Director: Michael R. Roskam. Chernin Entertainment/Fox Searchlight. (15).

CRIME

3stars-Good-worth-watching1

Cast & credits

Producers: Peter Chernin, Dylan Clark, Mike Larocca.
Writer: Dennis Lehane.
Camera: Nicolas Karakatsanis.
Music: Marco Beltrami, Raf Keunen
Sets: Thérèse DePrez.

Tom Hardy, Noomi Rapace, James Gandolfini, Matthias Schoenaerts, John Ortiz, Elizabeth Rodriguez, Michael Aronov, Morgan Spector, Michael Esper.

Synopsis

Bar tender Bob (Hardy) keeps his head down and keeps the drinks flowing during shifts at his cousin Marv’s (Gandolfini) bar in Brooklyn. Marv’s is a ‘drop’ bar, namely an unofficial place where the proceeds of criminal activities by local gangs (ringleader: Aronov) can be safely dropped and stored during an evening, for collection when the bar has closed. But Marv has other plans for the small fortunes that he stores and is working behind the scenes with local low-lives such as Schoenaerts to rob the criminals, unbeknownst to the kindly and unquestioning Bob. Bob meanwhile develops a romantic attachment to the brittle and abused Nadia (Rapace) when he picks up a stray dog that has been left in her rubbish bin. A dog that was dumped by her violent ex Schoenaerts.

Review

Here’s a neat little picture with some knockout star turns released unaccountably in the run up to Christmas and sandwiched between blockbusters such as Teenage Mutant Ninja Turtles, the last but one Hunger Games film and The Imitation Game. Although not a perfect film, it is well worth viewing for some satisfyingly dog-eared turns.

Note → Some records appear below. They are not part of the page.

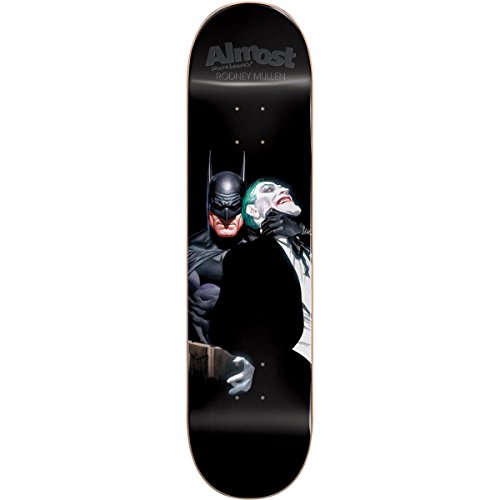 Almost Batman Choker Impact Light Skateboard Decks,8.25"W,Rodney Mullen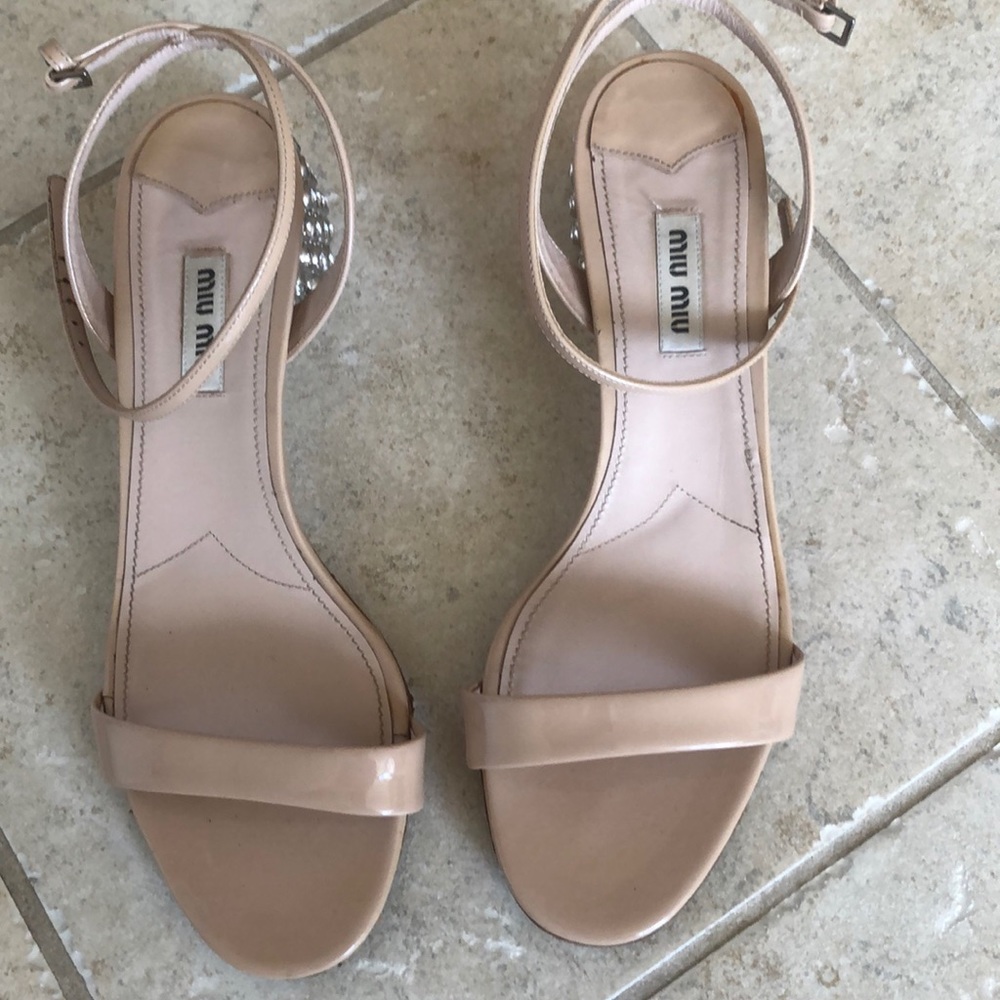 Miumiu heels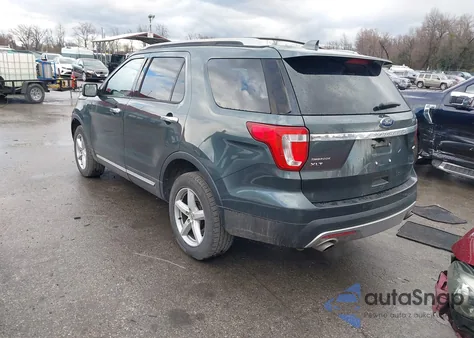 2016 Ford Explorer Xlt from USA, damaged, VIN 1FM5K8D80GGA82193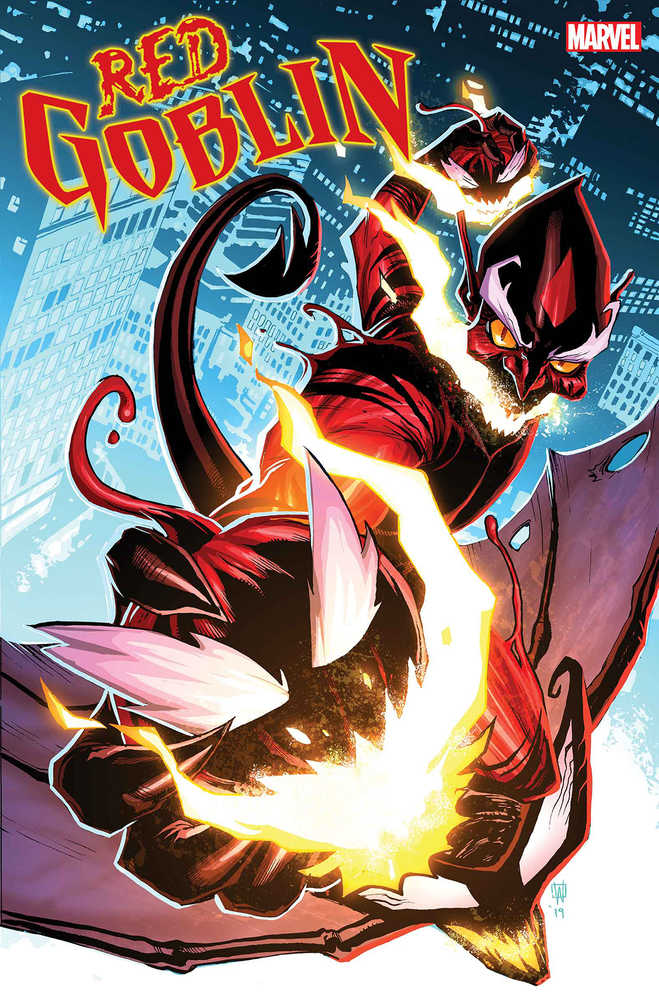Red Goblin Red Death #1 Woods Variant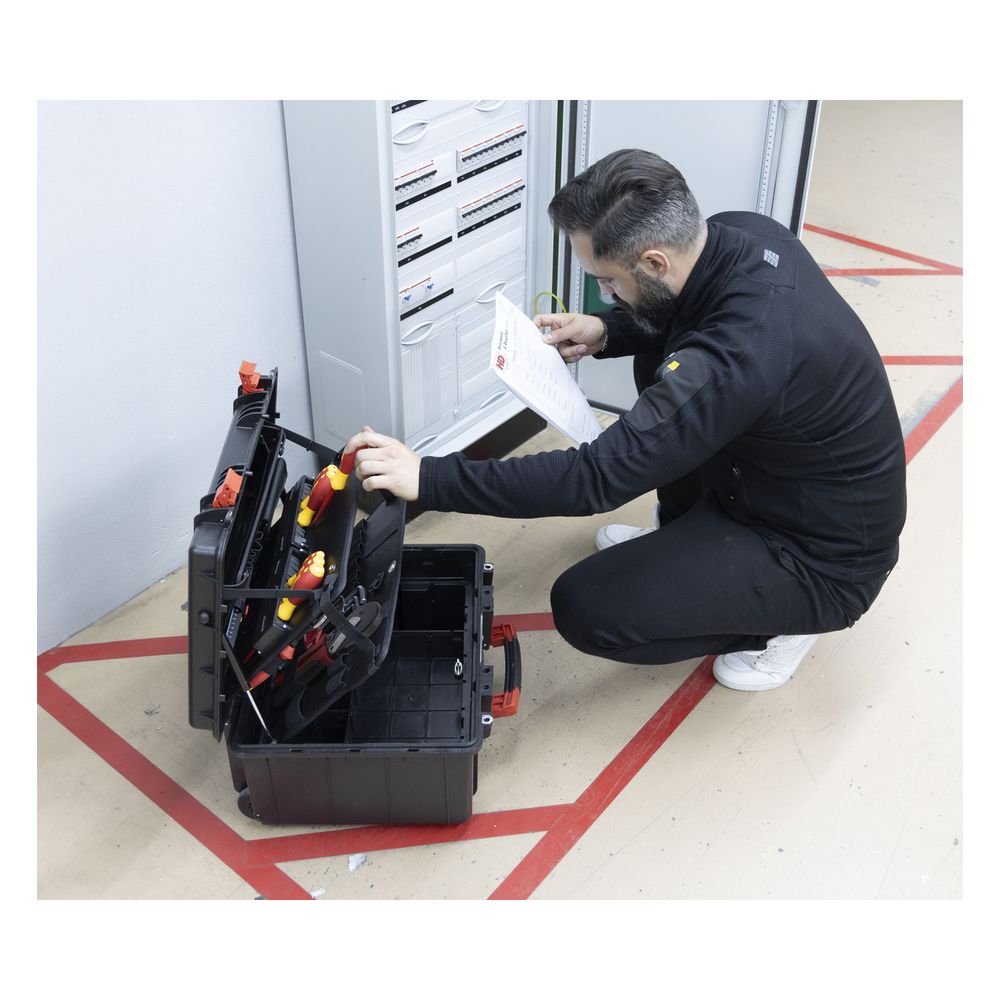 Wiha Werkzeugkoffer XL 2 Trolley electric, 60-teilig, Polypropylen, 9300-70203... WIHA-45795 4010995457952 (Abb. 20)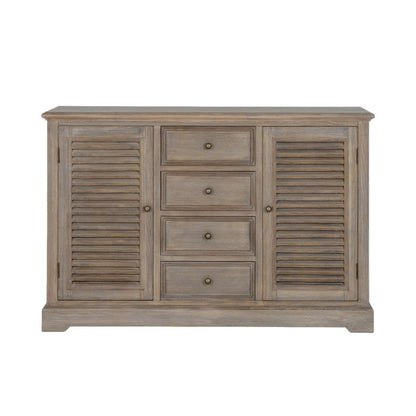 Hill Interiors Delphine Wooden 2 Door 4 Drawer Sideboard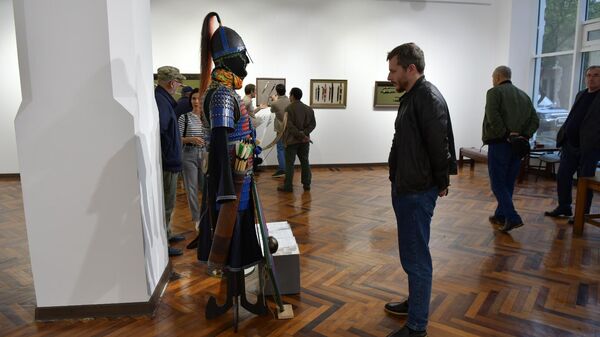 Вторая выставка Союза художников-оружейников Абхазии открылась в Сухуме - Sputnik Абхазия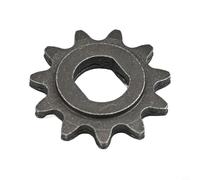 Pignon à 11 dents 25H pour scooter électrique, pignon de moteur de montage en forme de H, pièce d'entraînement haute vitesse pour grandes trottinettes électriques de surf, noir (15T)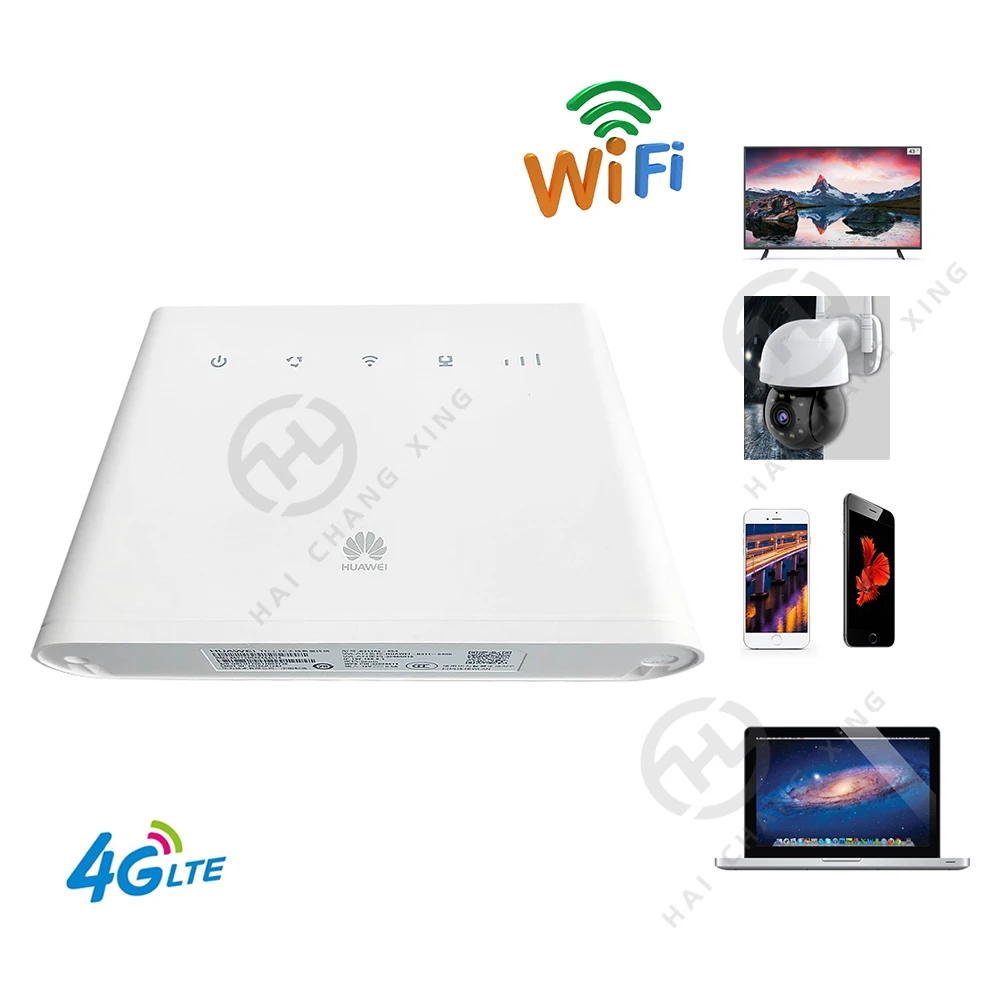 Huawei B311As-853 Фабричный изготовленный на заказ Портативный 4g модем беспроводной маршрутизатор с слотом для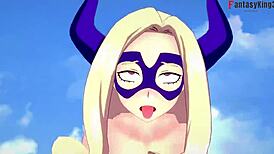 Yu Takeyama Fucking Naked POV in My Hero Academia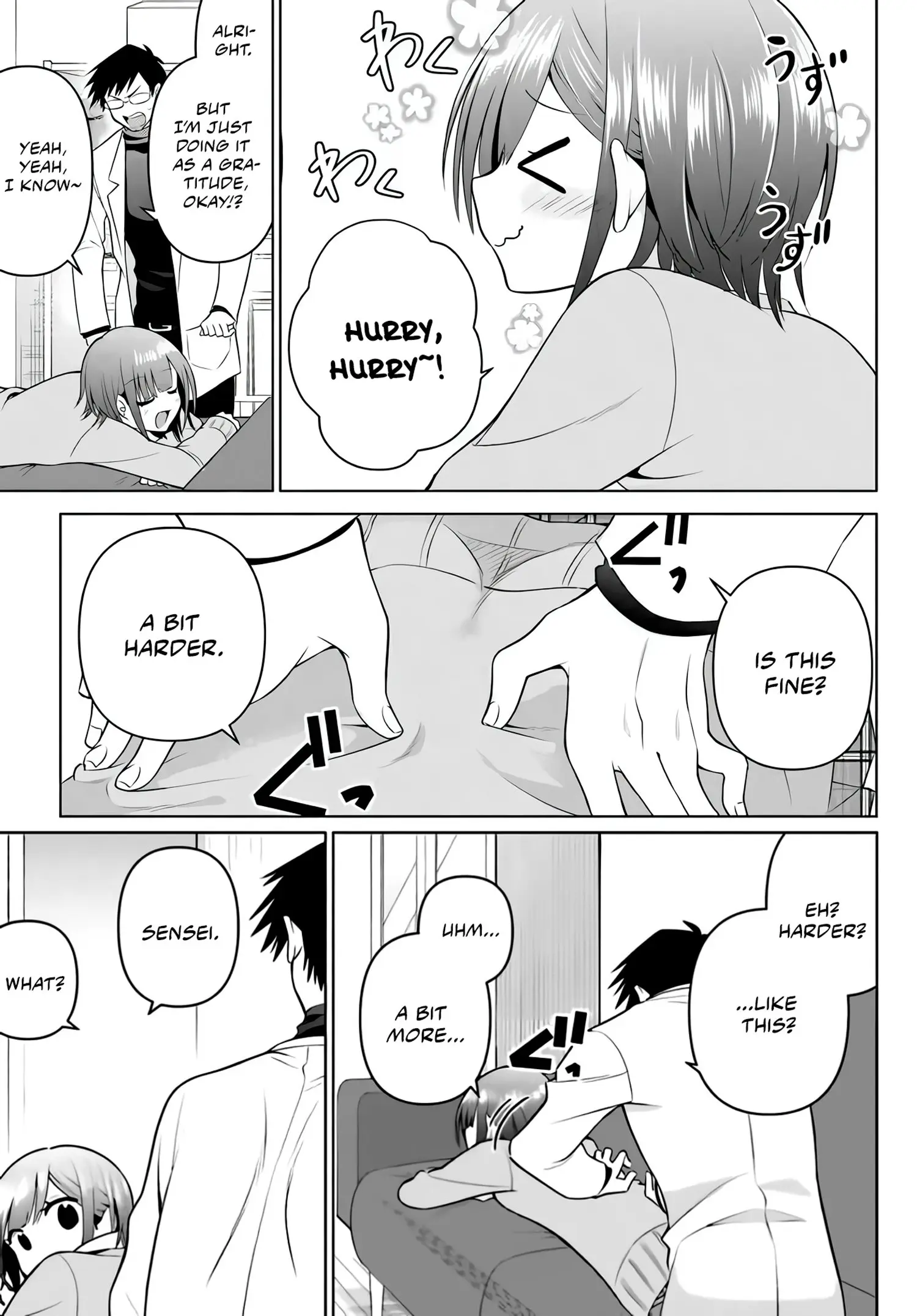 Rin-chan Wants to Flirt - Chapter 9 - Page 7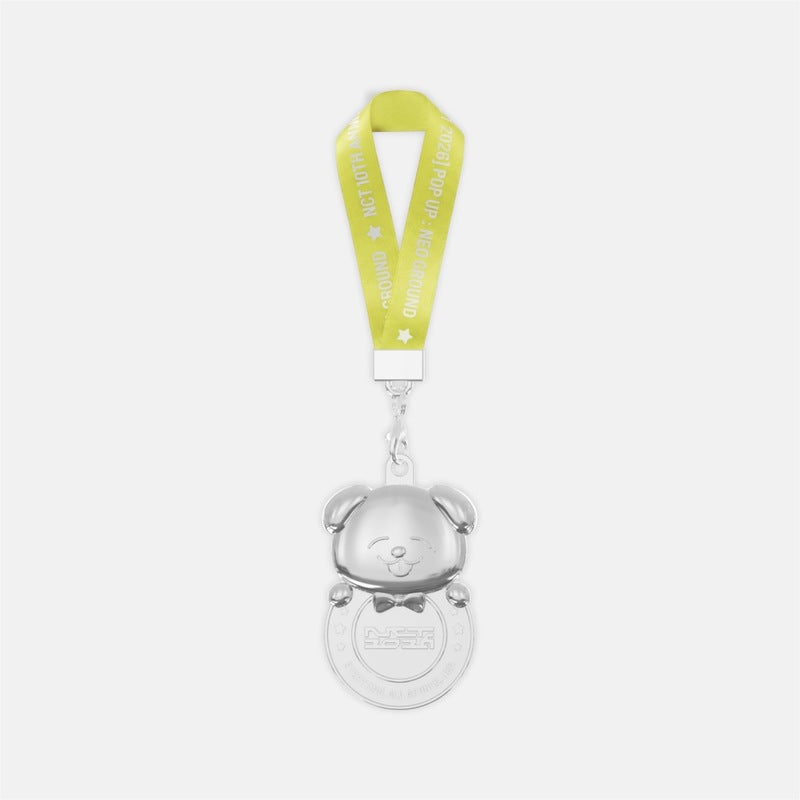 NCT Medal Keyring NCT 10TH ANNIVERSARY NCT 2026 POP UP NEO GROUND - Main Image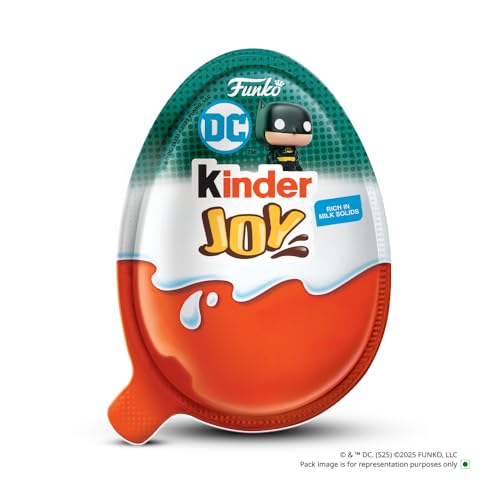 Image of Kinder Joy HarryPotter - Pack of 24,Cocoa,1.4 Kilograms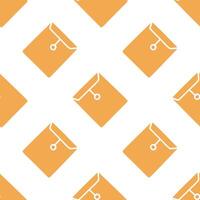 Cartoon Document Envelope seamless patterns, . vector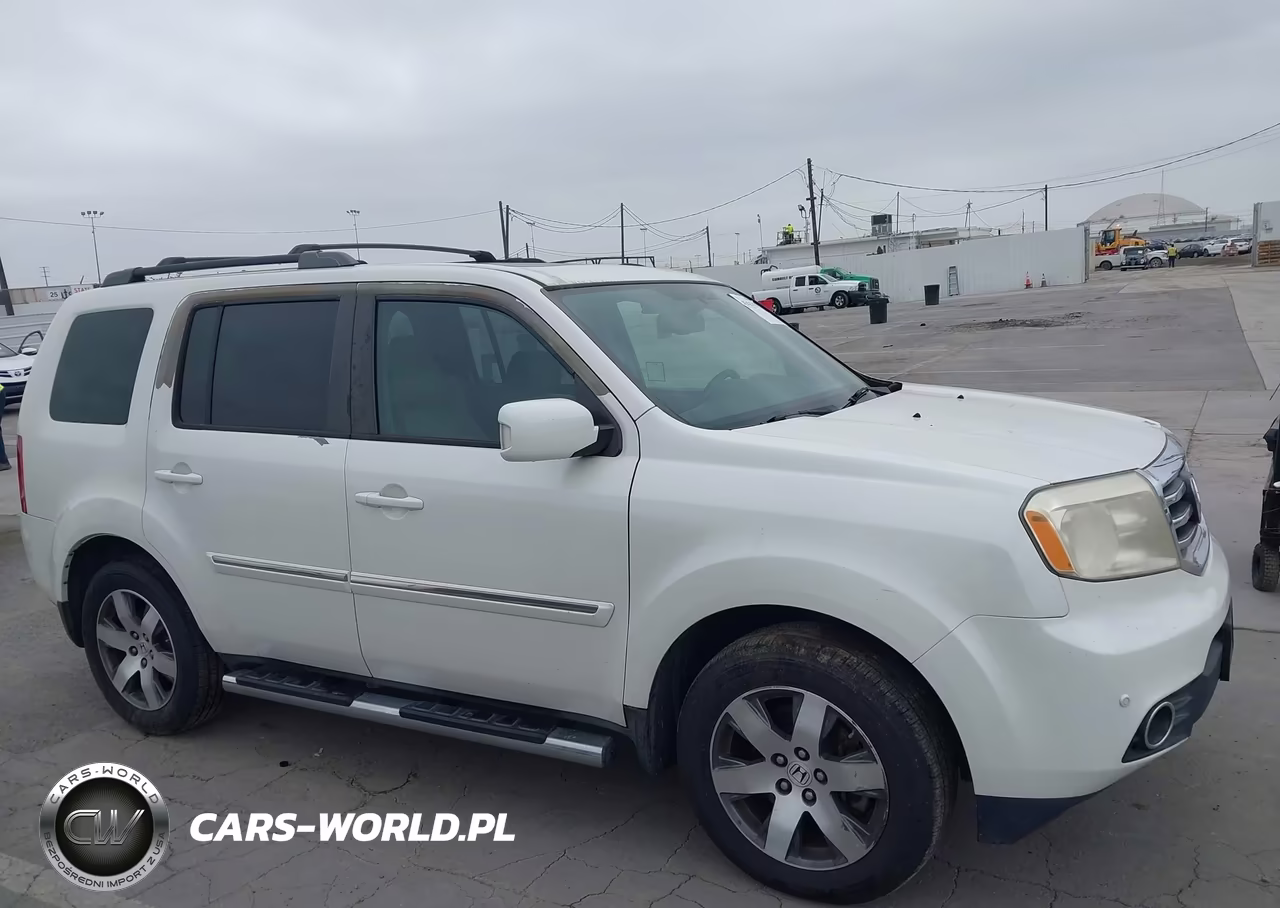 2013 Honda Pilot Touring VIN:5FNYF3H99DB035150 - 13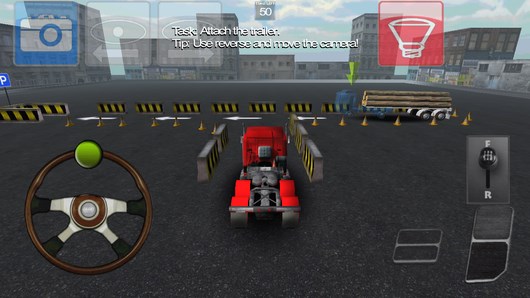 Parking Truck Deluxe – езда на тягаче для Android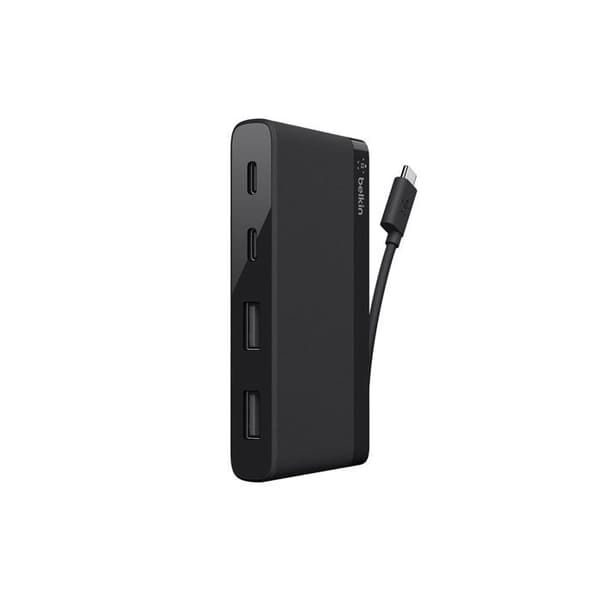 USB Hub - BELKIN - 4 Porte - 2 USB-C - 2 USB-A - Kompakt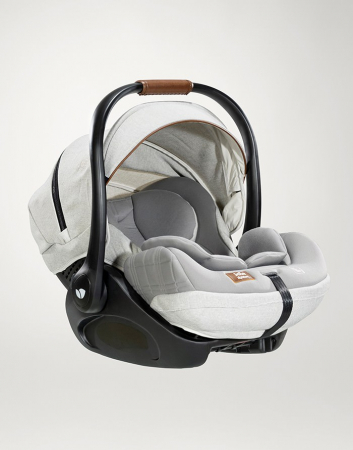 Joie - Scoica auto inclinabila i-Size i-Level Recline Signature Oyster, 40-85 cm, certificata R129 [2]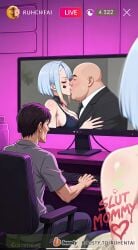 ai_generated cheating cheating_female cheating_girlfriend cheating_wife covered_nipples cyberpunk cyberpunk:_edgerunners cyberpunk_2077 cyberpunk_clothes cyberpunk_girl dirty_talk female from_below lingerie looking_at_another looking_at_partner looking_at_viewer lucyna_kushinada medium_breasts mommy naughty naughty_face naughty_girl naughty_smile neon netorare nsfw ntr outfit pose seductive seductive_body seductive_expression seductive_eyes seductive_female seductive_look seductive_mouth seductive_pose seductive_smile sexy sexy_armpits sexy_body sexy_clothing sexy_dress sexy_female sexy_pose short_hair skirt skirt_lift skirt_up stream streamer streaming sweat sweaty sweaty_body tagme thick_thighs thighs video voice voice_acted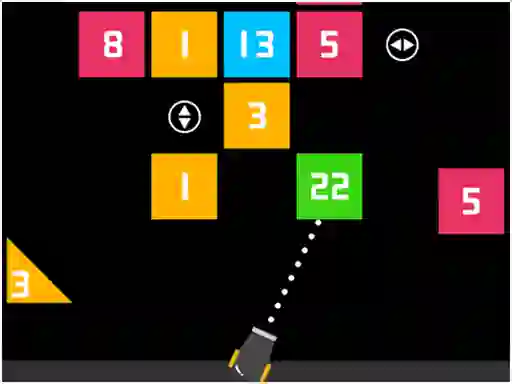Numbers Bricks — free online game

It’s always refreshing to come out of the cinema with hitherto unused neurones firing on all cylinders thanks to a new nugget of knowledge provided by a movie. The lesson I gleaned here is about the unique financial system that operates in these ‘drop’ bars, fascinatingly explained in a terse summary by Bob, our local hero and narrator. I’ve never been to Brooklyn, but now know to keep my eyebrows to the sky if any envelopes are suddenly slipped across a bar. See no evil, hear no evil and retain the use of one’s knee-caps.

Belgian director Roskam has dwelt on the seamier, masculine side of life before, with Schoenaerts in Bullhead (2011) about a cattle farmer making a dodgy deal with a beef trader. He therefore easily transplants this understanding of the difficult decisions facing the modern, working-class male to Brooklyn, as uninviting and unrelentingly patriarchal American setting one could choose.

He sets the scene perfectly when the film opens, the reflection of the city scape cast in a puddle, dipping us into the murk and grime of this underworld. From here on in, he is mostly in control of the desperate story that unfolds and also his stellar cast, but the heavy focus on the acquisition and training of the stray dog splits the film in two. These are two halves he is unable to merge properly. As an audience, we are left wrong-footed by the switch from gangland violence to doggy domesticity.

That Hardy was drawn to this script is not surprising. Based on the short story by screenwriter Lehane,The Drop still the film’s working title was that of the original material, Animal Rescue. Thankfully the producers went with a title change, but Hardy is an avid dog lover and has given interviews about his penchant for taking in dogs he meets during filmmaking (following this shoot, a mutt joined his ever expanding kennel).

The focus on canine capers allows some much needed respite from the unrelenting ‘Crooklyn’ neo-noir, even allowing one hilarious line to escape. ‘You fucking shot him!’ screams Rapace to which Hardy replies, ‘Absolutely. He was gonna hurt our dog’.

It’s funnier because of Hardy’s deadpan delivery, but highlights the problem I had with enjoying the film. The stronger side of the film is the crime half and director Roskam builds an admirable tension throughout as Gandolfini’s Machiavellian plotting boils slowly to the surface, using and dispatching those around him with garrulous abandon.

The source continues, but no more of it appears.